It’s not that Republicans have no ideas. The problem is the ones that do have been getting passed over in lieu on Tea Party caucuses. To an extent, I can understand. We’re this close to victory and we don’t want to make any sudden moves. That doesn’t mean I don’t think it’s horseshit. And apparently, Paul Ryan is starting to show his frustration.
He’s got a plan that you may or may not have heard me talking aboot in this blog, “A Roadmap for America’s Future.” It’s not without it’s critics on the right (Erick Erickson for one), but it’s a serious effort to grow the economy, reduce the deficit, make health care more affordable, and reform the entitlements that are bankrupting the country.

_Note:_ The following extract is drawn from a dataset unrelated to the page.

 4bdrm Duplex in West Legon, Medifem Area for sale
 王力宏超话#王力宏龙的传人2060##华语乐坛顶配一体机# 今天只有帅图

Ah yes, debt. The greatest current National Security risk to our country and one that Republicans are going to do something about after President Obama increased the debt like whoa. Or, so Republicans say…
“I wanted to go out there, not necessarily saying I have all the answers. I wanted to put a plan out there, saying here’s how I would do it; please come up with your plan so that we can get the debate going,” Ryan said Thursday in a speech at the Brookings Institution, a think tank in Washington. “Unfortunately when I jumped in the pool and asked others to jump in the pool, we haven’t had many folks swimming around.”

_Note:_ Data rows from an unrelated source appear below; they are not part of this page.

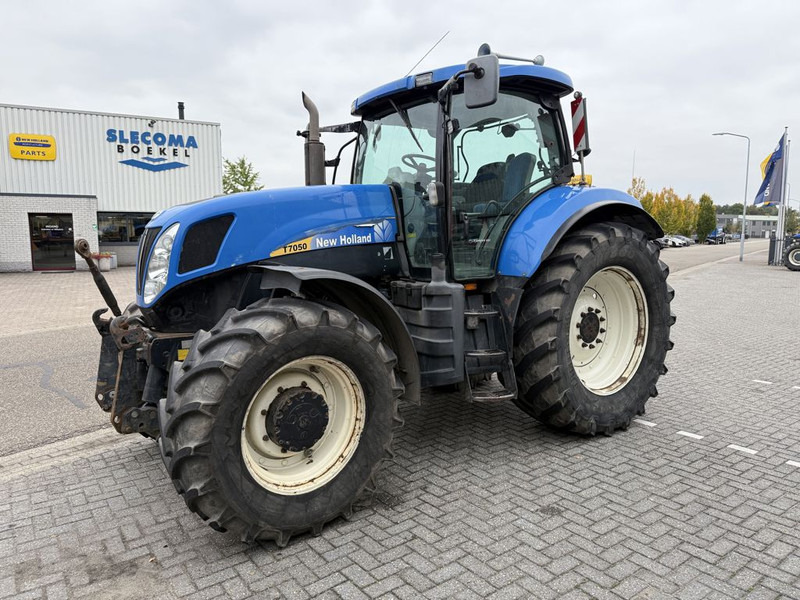 New Holland T7050 Power Command - Traktori: kuva New Holland T7050 Power Command - Traktori New Holland T7050 Power Command - Traktori: kuva New Holland T7050 Power Command - Traktori
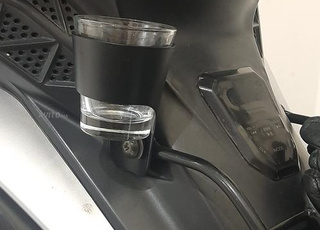 حامل كوب القهوة مع الكأس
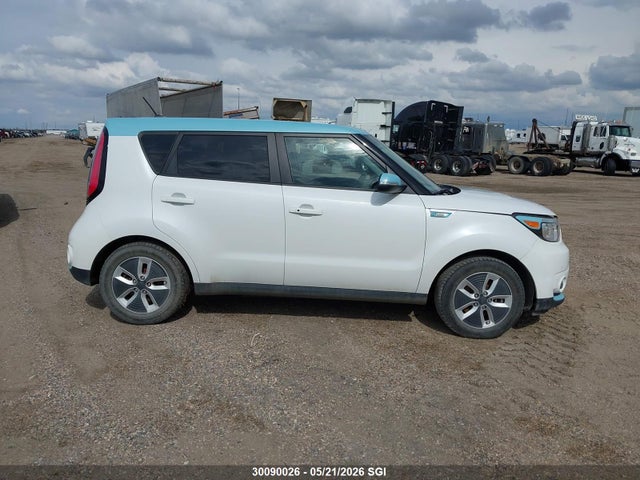 2017 Kia Soul Ev მანქანა იყიდება აუქციონზე, vin: KNDJX3AE1H7023267, აუქციონის ნომერი: 30090026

Fellow Republicans have been slow to voice their outright support for Ryan’s “roadmap,” which calls for simplifying the income tax, eliminating the current corporate income tax and replacing it with a business consumption tax of 8.5 percent on goods and services, and repealing health care reform and replacing it with income tax credits for individual and family plans.
They’re talking to their pollsters and their pollsters are saying, ‘Stay away from this…“It became clear to me that we were just going to continue to hit each other as two political parties, where if you step out with anything bold, anything different, anything remotely considered politically risky, you will be beat up and lose and nobody will follow you, and you will come for an impasse.”
The internets are lousy with editorials asking if the Republican Party has learned their lessons from the past. If there plan is to talk aboot reducing the debt, criticizing the other side for increasing it, and then not doing anything aboot it when they’re in office…they obviously haven’t learned a damn thing.